Friday, December 28, 2012

From Deity to Death: Jesus 8 Steps Down

So What? has been a popular article on this blog. It compares Jesus’ act of washing His disciples’ feet with Philippians 2:5-11. So, when my pastor preached an incredible sermon a few weeks ago on this same passage, I knew I had to get his permission to pass his message along to you! (If you haven’t read So What? – you might want to; you can do so by clicking here. Don’t worry, we’ll wait.)

His sermon, From Deity to Death, went through eight steps Jesus took in descending from His glory in heaven to His death on the cross. Although this sounds like it might make a good Easter sermon, our study of the book of Philippians brought us to this passage in mid-December – a time when the birth of Christ was forefront in my mind. This different holiday perspective led me to text our pastor later, “The step from deity to humanity was a greater descent than that from humanity to crucifixion.”

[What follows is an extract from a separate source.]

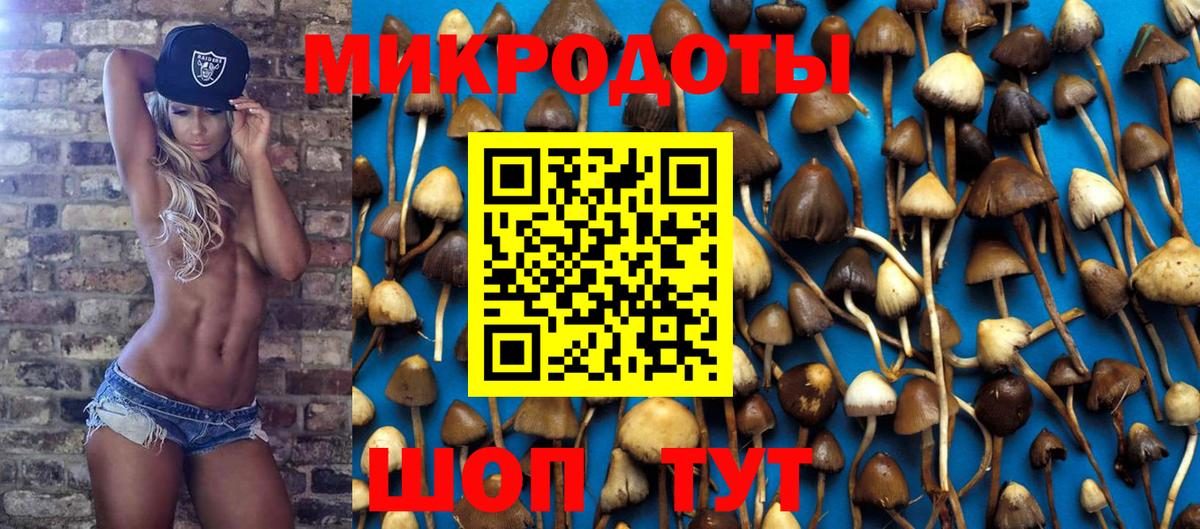 Дубна  Псилоцибиновые грибы Psilocybine cubensis  Вход с VPN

“Your attitude should be the same as that of Christ Jesus: Who, being in very nature God…” (Phil. 2:5-6)

Jesus let go of His equality with God
“…did not consider equality with God something to be grasped,” (Phil. 2:6)

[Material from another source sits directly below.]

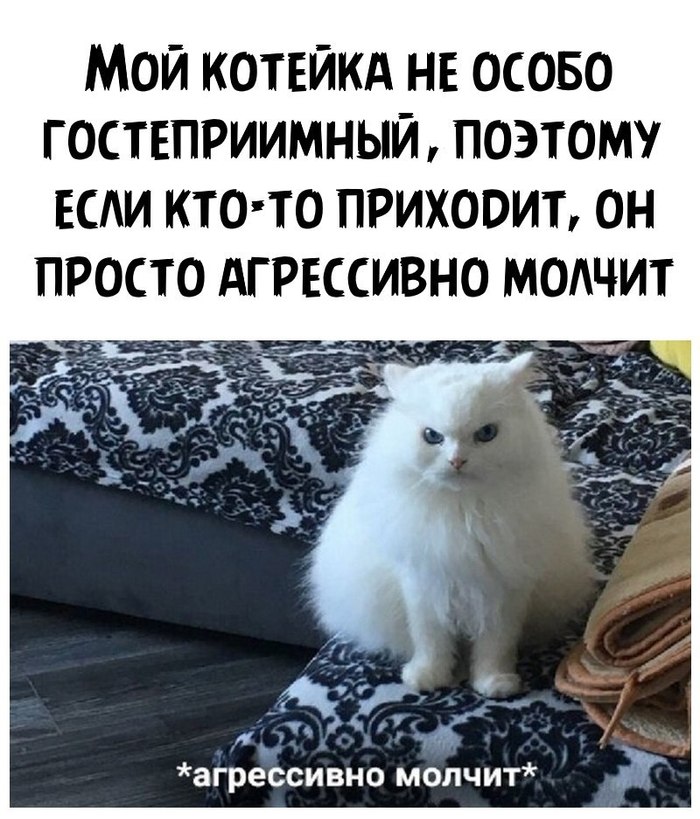 159971441511262206.jpg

Jesus is the second person of the Godhead but He didn’t hold on tightly to what was His. All the glories of heaven were rightfully His and yet, He released them.

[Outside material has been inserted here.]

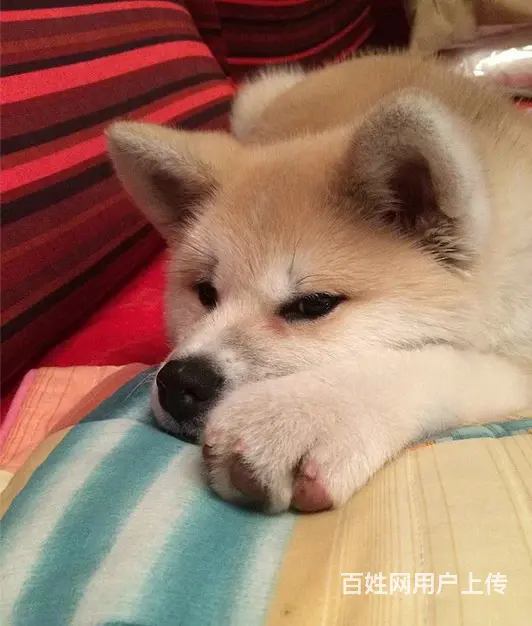 琼海【*推荐】秋田犬舍‖秋田养殖场 - 图片 1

Jesus was our example to let go of our rights.

Jesus emptied Himself of who He was
“but made himself nothing” (Phil 2:7)

Jesus emptied Himself of any personal advantages or privileges entitled to the Son of God. He nullified His position and His power. Yes, He cleansed, healed, and performed miracles – but always in reference to the will of the Father.

He emptied Himself of His glory, the benefits of His attributes, and His position; He was now despised rather than glorified. He emptied Himself of honor, adoration, and eternal intimacy with the Father.

Jesus was our example to empty ourselves of what we think is due us.

Jesus took on the form of a servant
“taking the very nature of a servant,” (Phil 2:7)

Jesus became a slave, a bond servant in every sense of the word. He owned nothing – no land, no house, no animals. Even at His death, everything was borrowed. “For even the Son of Man did not come to be served, but to serve, and to give his life as a ransom for many” Mark 10:45.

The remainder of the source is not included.